Nick Gebhardt is Professor of Jazz and Popular Music Studies at BCU and Director of the Birmingham Centre for Media and Cultural Research. His work focuses on jazz and popular music in American culture, and his publications include Going for Jazz: Musical Practices and American Ideology and Vaudeville Melodies: Popular Musicians and Mass Entertainment in American Culture, 1870-1929. He is also the co-editor with BCU colleague Professor Tony Whyton of The Cultural Politics of Jazz Collectives, The Routledge Companion to Jazz Studies (Routledge), and the Routledge book series, Transnational Studies in Jazz.
Chris Mapp is a bass player, improviser and composer living and working in Birmingham. His work falls somewhere between composition and improvisation, using sound, music and electronics to satisfy his own sonic curiosity. As a bandleader with Gonimoblast he has worked with Arve Henriksen, Maja Ratkje, Mark Sanders, Leafcutter John and Dan Nicholls as well as being a key member of the healthy Birmingham improvised music scene.
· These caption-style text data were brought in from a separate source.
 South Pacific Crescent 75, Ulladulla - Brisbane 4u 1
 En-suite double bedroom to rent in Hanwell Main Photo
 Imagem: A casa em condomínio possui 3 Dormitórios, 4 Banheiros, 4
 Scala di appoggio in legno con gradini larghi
As a composer Chris uses written material as a way of igniting improvisation within an ensemble context combined with electronics, sound spatialisation and visuals. Written themes become points of departure, destinations or fragments of group improvisation. Chris has played at countless festivals, had music released on independent labels Stoney Lane Records, FMR Records, Record Kicks as well as several BBC Radio live broadcasts and record sessions.
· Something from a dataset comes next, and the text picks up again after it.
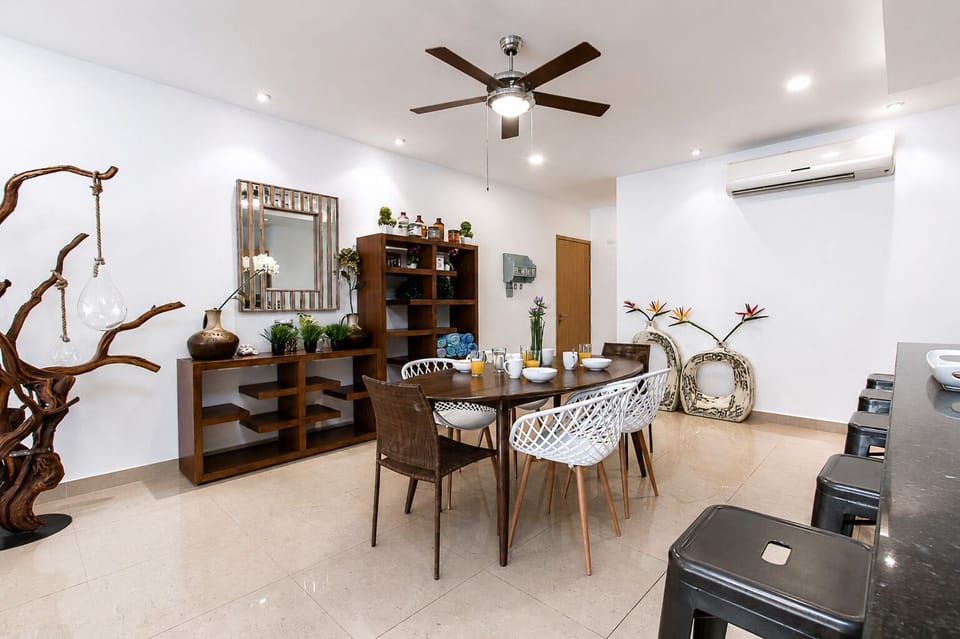 Family Apartment, City View | Dining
Dr Nicolas Pillai is a Research Fellow at Birmingham City University and co-editor of Jazz Research Journal. In 2017, he was awarded an AHRC ECR Research Leadership Fellowship. Jazz 625 Live, shown on BBC Four and based on his research, went on to win Best Music Programme at the UK Broadcast Awards 2020. He is currently working on the collection Rethinking Miles Davis for Oxford University Press.
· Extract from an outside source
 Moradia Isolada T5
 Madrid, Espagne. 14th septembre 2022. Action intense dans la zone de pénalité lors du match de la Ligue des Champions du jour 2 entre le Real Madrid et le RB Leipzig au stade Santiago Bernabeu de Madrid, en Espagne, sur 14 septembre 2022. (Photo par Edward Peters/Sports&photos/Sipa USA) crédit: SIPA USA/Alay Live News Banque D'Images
Tony Whyton is Professor of Jazz Studies at BCU. His critically acclaimed books Jazz Icons: Heroes, Myths and the Jazz Tradition (Cambridge University Press, 2010) and Beyond A Love Supreme: John Coltrane and the Legacy of an Album (Oxford University Press, 2013) have sought to develop cross-disciplinary methods of musical enquiry. From 2010-2013, Tony worked as Project Leader for the award-winning Rhythm Changes: Jazz Cultures and European Identities projects and from 2015-2018 he led the JPI Heritage+ research project Cultural Heritage and Improvised Music and European Festivals (CHIME). Tony currently co-edits the Routledge Transnational Studies in Jazz monograph series alongside BCU colleague Professor Nick Gebhardt. He also co-edited The Cultural Politics of Jazz Collectives: This Is Our Music (Routledge) in 2015 and The Routledge Companion to Jazz Studies in 2018. In addition to his research activities, Tony currently works as a KE & Impact Fellow for the Humanities in the European Research Area (HERA).